→ ABOUT THIS EXERCISE: You are asked to repeat the listing word for word and to leave out its pictures.

→ SOURCE DATA:
· · · · ·

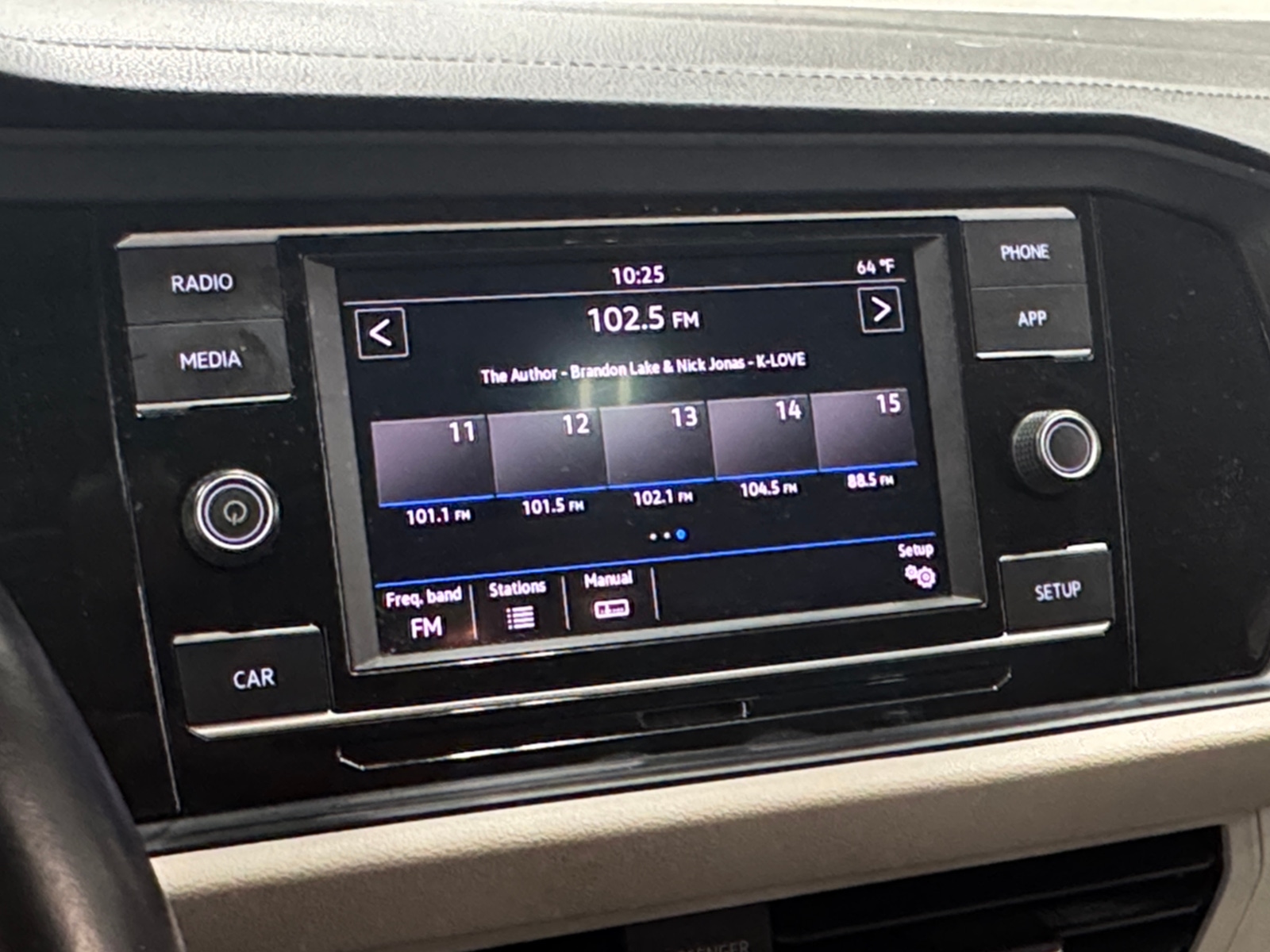Thumbnail: 2019 Volkswagen Jetta - 3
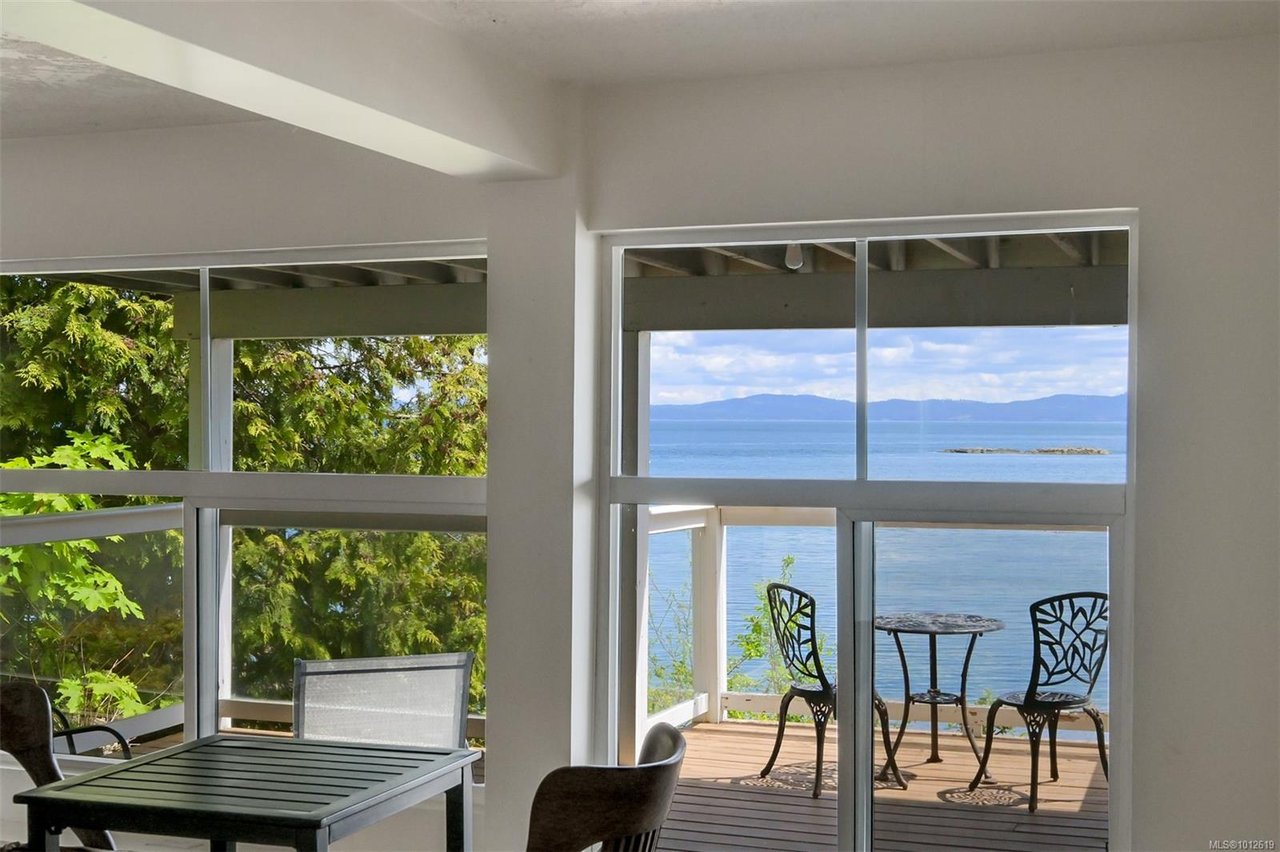 4955 Cordova Bay Rd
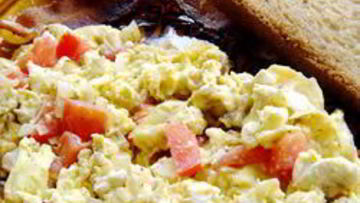 Рецепт Яичницы-болтуньи с фетой и помидорами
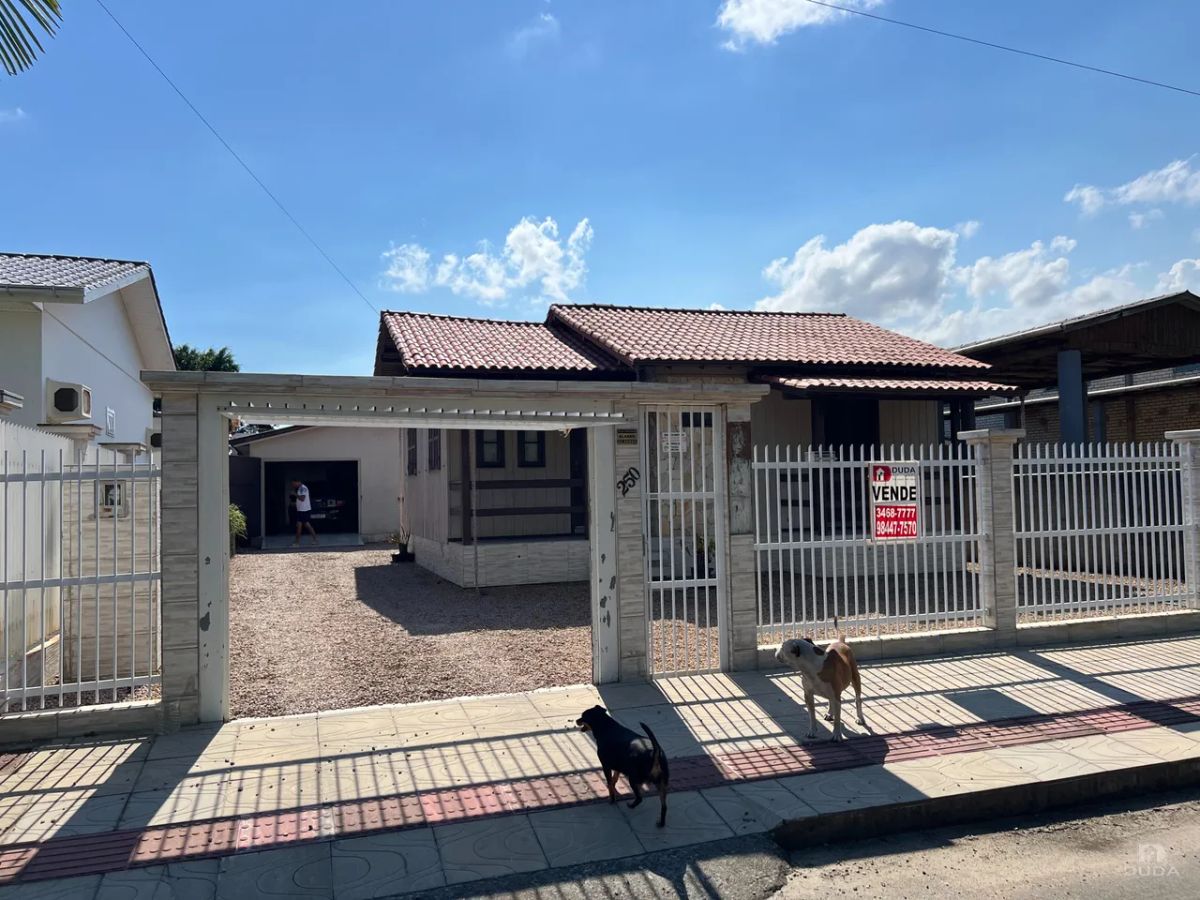 Casa situada no bairro quarta linha em Criciúma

· · · · ·

→ WRITTEN REPLY:
Thumbnail: 2019 Volkswagen Jetta - 3
 4955 Cordova Bay Rd
 Рецепт Яичницы-болтуньи с фетой и помидорами
 Casa situada no bairro quarta linha em Criciúma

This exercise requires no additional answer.